A dance 22 years in the making

It used to be that no matter your station in life, rules and regulations guided most of your public acts, if not your private ones, because it was always assumed that at the very least, paying lip service to the tenets of the rule of law was a good thing. Scofflaws, even among the rich and powerful, did their best to hide their antisocial habits. It wasn't because they were ashamed but because it would simply make them a visible target for when things went awry in their affairs. As a result of this tacit compact among the people, it was easy for us all and our betters to keep up appearances - the fiction that we were in this together, that hard work always paid, that evildoers would be punished.

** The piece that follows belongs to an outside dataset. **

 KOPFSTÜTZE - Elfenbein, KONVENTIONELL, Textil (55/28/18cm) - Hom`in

The lesson of the past twenty-five years, if not thirty, is that we no longer hew to this fiction. Brazen defiance of rules and regulations doesn't attract the opprobrium of right-thinking members of society because, and I can't believe I am saying this, if you can find a right-thinking member of society, you must have turned over every single rock in Kenya.

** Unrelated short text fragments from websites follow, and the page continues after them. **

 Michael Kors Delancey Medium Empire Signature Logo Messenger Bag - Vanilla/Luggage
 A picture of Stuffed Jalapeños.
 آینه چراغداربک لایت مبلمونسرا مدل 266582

Nothing demonstrates how much we have erased the norms that made life tolerable than the predictable cases of Kenyans being killed by the dozen every time the floodgates of the heavens open and catastrophes follow, whether it is collapsing building, rivers that burst their banks or dams that collapse. The most recent, of course, is the ongoing tragedy in Nakuru County where Patel Dam on the Solai farm, failed and released millions of tonnes of water that have so far killed 40 Kenyans and displaced hundreds more.
 
The eponymous Mr Patel is said to have been a farmer in the area for at least two decades, and has built 8 other dams, one of which was the subject of Government "investigations", with an official from the Water Resources Management Authority saying that not one of Mr Patel's dams was licensed and that he had rebuffed all demands that he regularise his developments. Mr Patel is the latest in a long line of "private investors" who defied safety measures imposed on them by our laws and, more or less, did as they pleased, going back to the ill-fated Sunbeam Supermarket that collapsed and killed 35 Kenyans in 1996. Mr Patel has gotten away with his actions because in Kenya, led by the rich and powerful, it is no longer enough to defy the law: you are a hero to many when you do it brazenly and with great impunity.

It has been reduced to a fine dance, the events that are about to unfold over the Solai tragedy. Numerous Government officers will issue statements, some of remorse and some of condemnation. The media will attempt to parse what everyone is saying, without success, instead making the survivors and the families of the dead feel even worse. The Director of Public Prosecutions will direct he National Police to investigate. In a few days, certainly not more than two weeks, we will have forgotten and moved on to the next tragedy. We have perfected this dance for twenty-two years.